TAIPEI (Taiwan News) – Following the announcement last week from the Ministry of Transportation and Communication (MOTC) that the Taiwan High Speed Rail (THSR) system will be extended from Zuoying in Kaohsiung to Pingtung City, many members of the public have expressed dissatisfaction at the news.
Since the government formed a committee tasked with selecting a route for the extended THSR line in early September, 1,674 people have submitted public comments on the project. Many local residents and professionals have expressed displeasure and criticized the plans.
According to reports, the project will cost a total of NT$55.4 billion (US$1.78 billion). In comparison with regular Taiwan Railways (TRA) express trains, the planned THSR extension will only reduce the journey from Kaohsiung by 10 minutes.
Unsurprisingly, many view the extension project as a large waste of taxpayer funds. Many have suggested that the money would be much better spent on refurbishing the existing TRA rail lines and stations to improve quality and access to the existing lines, reports UDN.
TRA already provides at least two trains every half hour between Pingtung and Kaohsiung. The general fare to ride TRA from Pingtung to Zuoying and transfer to the THSR to Taipei averages about NT$2000 (US$64). With only a 10 minute difference between existing 25 minute transit on the TRA lines to Kaohsiung and the proposed THSR line, some local residents don’t see the need for the extension.

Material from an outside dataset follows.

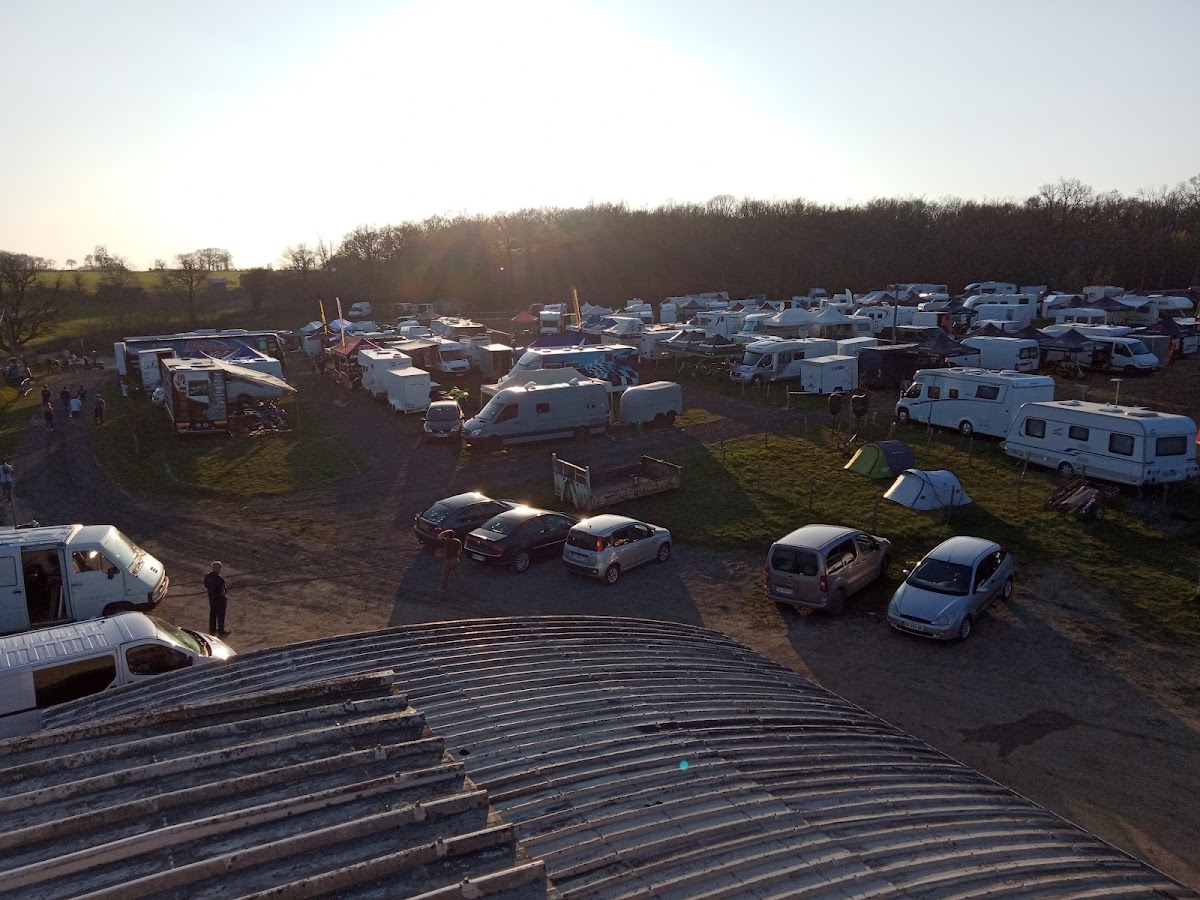 Terrain de motocross à Argenton-Sur-Creuse — photo 1
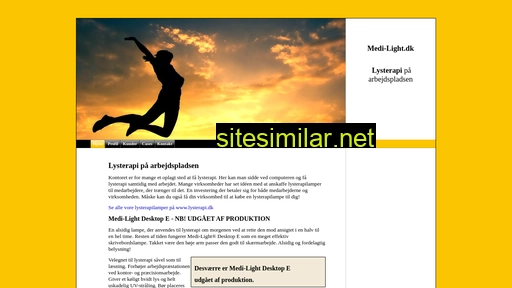 medi-light.dk alternative sites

One commentator observed that many residents in the region are elderly, and most do not travel that often. Pingtung already has a near derelict commercial airport, and the commentator expressed concern that the same fate would befall the Pingtung THSR station.
Others have expressed dissatisfaction with the plans by declaring that building the station in Pingtung City is meaningless if the THSR line stops there. Some public commentators advocate skipping Pingtung City entirely, and just building the next THSR stop farther south on the Hengchun Peninsula, closer to Kenting.
Providing more direct access to the tropical tourist destination of Kenting would be a much better investment than stopping the tracks short at Pingtung City and forcing another transfer, they argue. Their view is that if the government doesn’t have the funds, or is unwilling to construct track all the way south, then ending the track in Pingtung will be a wasteful expenditure.